As an educator and historian, Prof. Richardson tells compelling, true stories, using historically verifiable facts and documentation to illustrate her points. She has been fact checking along the way in her letters, pointing out to her readers where political narrative has been divorced from reality instead serving personal interests over those of the nation. She has often stated how unusual the situations we are currently experiencing are. Her letter from 23 September 2020 documents a watershed moment in American history when for the first time ever, an American president formally announced that he will not respect the outcome of an election should he lose. More than that, his administration and campaign are taking unprecedented steps to delegitimize the election along the way, increasing voter suppression, and working hard to disqualify lawful ballots submitted by mail or drop box around the country, but especially in battleground states.
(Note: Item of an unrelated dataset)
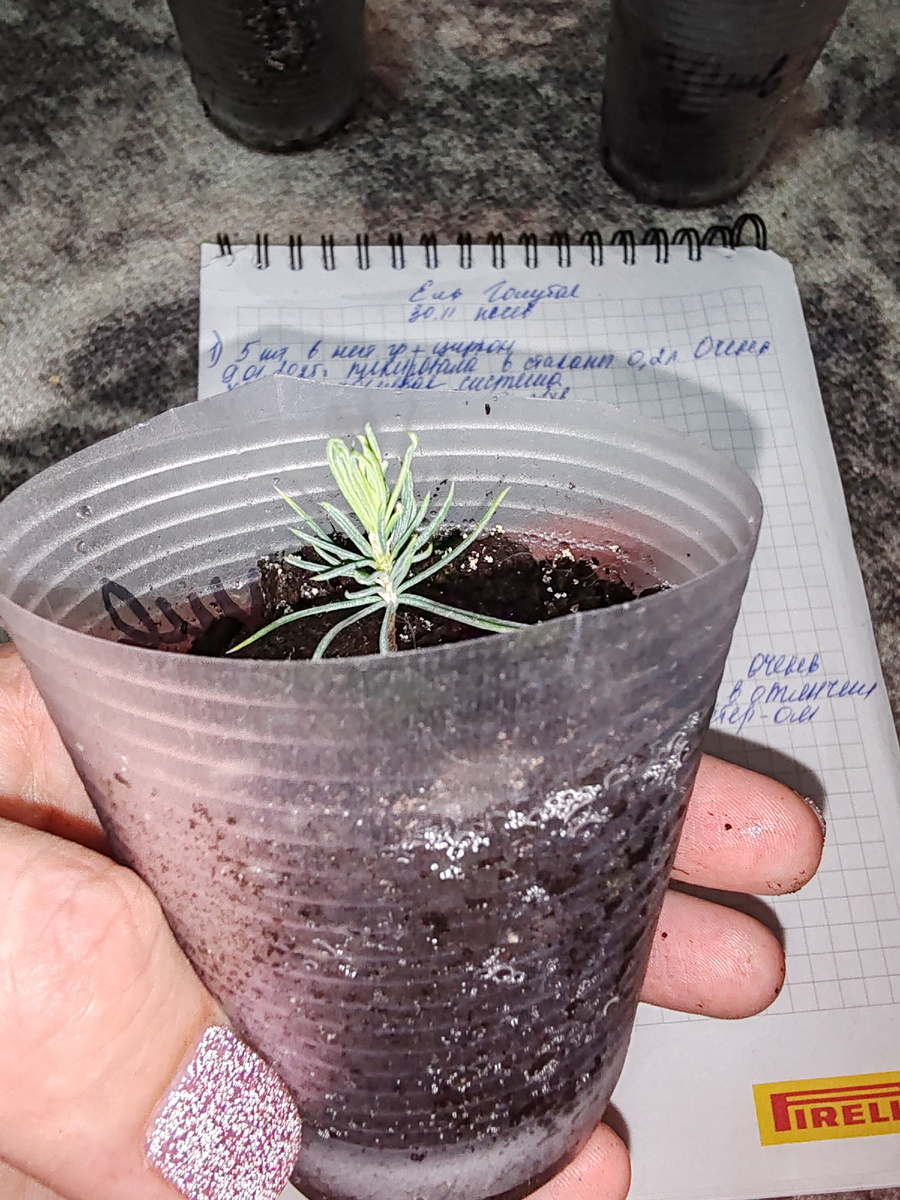 Ель голубая из семян. Фото от 9.02.2025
Prof. Richardson is very clear that this election is not about policy. It’s about the future of democracy in the U.S. In both her letters and her live sessions, she has been very clear that in order for a democracy to survive, if parties are in play, a minimum of two parties are needed to provide policy alternatives. Although there’s nothing that says that there cannot be more than two parties in a healthy democratic nation, she’s very clear that for much of the modern era, ours has devolved into a two-party system. Since the 1980s, one party (the GOP) has been taken over by ideologues striving for a strict oligarchy, not conservatism. Although oligarchic tendencies have arisen at various times throughout U.S. history, they’ve never been as dangerous as they are now to the overall future of democracy in this nation. Even when things looked somewhat bleak in the past, the checks and balances have worked eventually. She cautions that a democracy cannot survive if there is only one party because there’s no alternative policy potential that way. Authoritarian regimes are built by eliminating all alternatives.
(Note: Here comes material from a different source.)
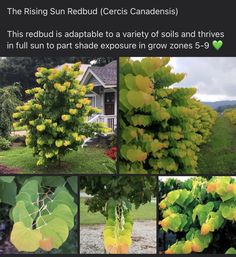 several pictures of different plants and trees in the same area, including one tree with yellow leaves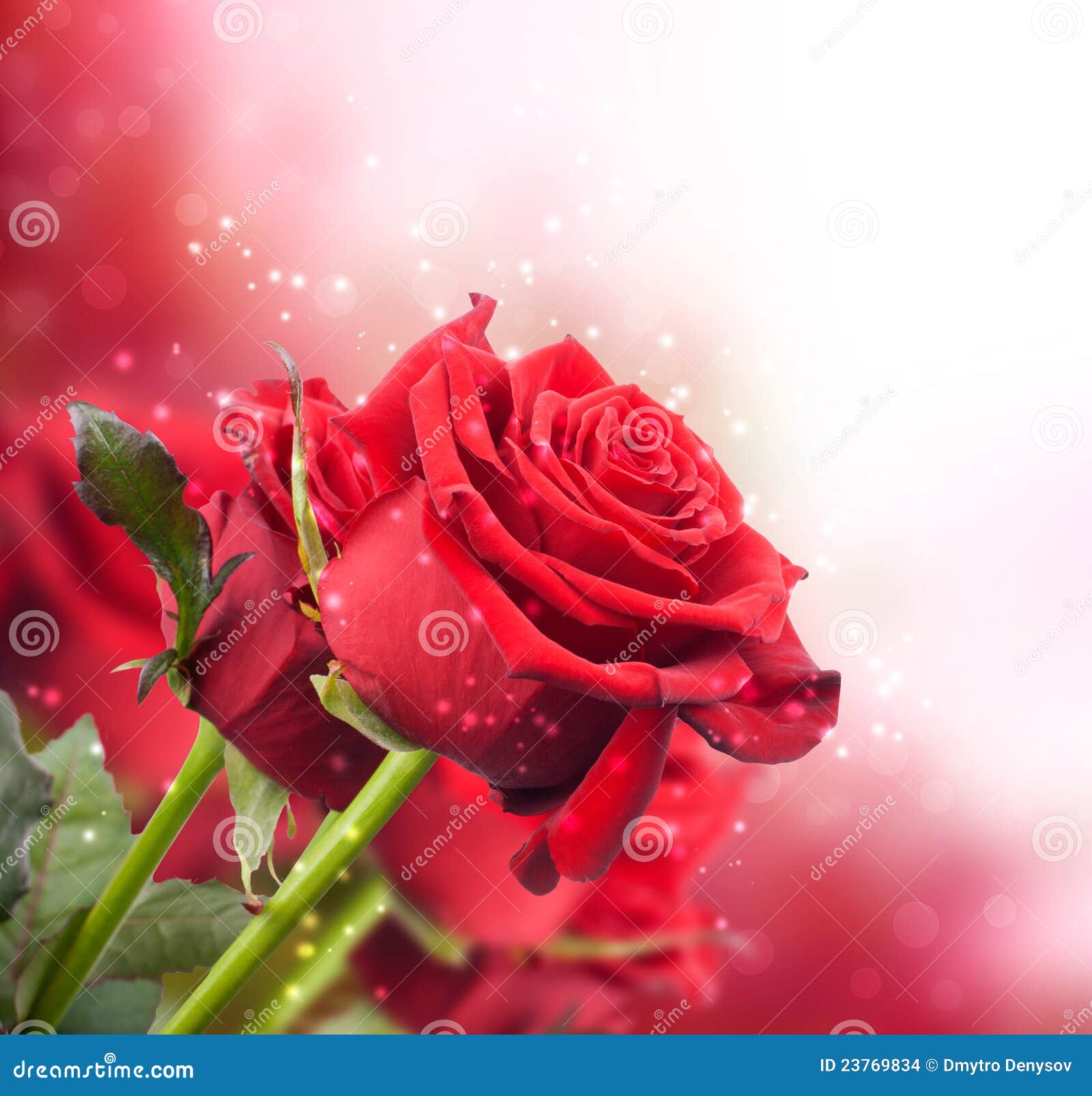Fundo com rosas vermelhas foto de stock. Imagem de feriados - 23769834, image size:1600x1606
Although her daily letters have told the story as it has unfolded of a country in crisis, the 23 September 2020 letter is a little different. It is both disturbing in its content and encouraging in pointing out that there is steadily decreasing support for this attempted ideological coup. She notes that as a nation, we’ve weathered crises before and survived, but she also warns that the future is not written. It is up to us, all of us who are eligible to vote. The United States of America is a unique country as President Lincoln stated in his Gettysburg Address because we have a “government of the people, by the people, for the people.” This is not something to throw away, but it requires hard work on the part of the people to maintain the ultimate oversight on our government by being active participants in the process. In short, everyone who is eligible to vote needs to vote in this election. The future of our democracy depends on us all.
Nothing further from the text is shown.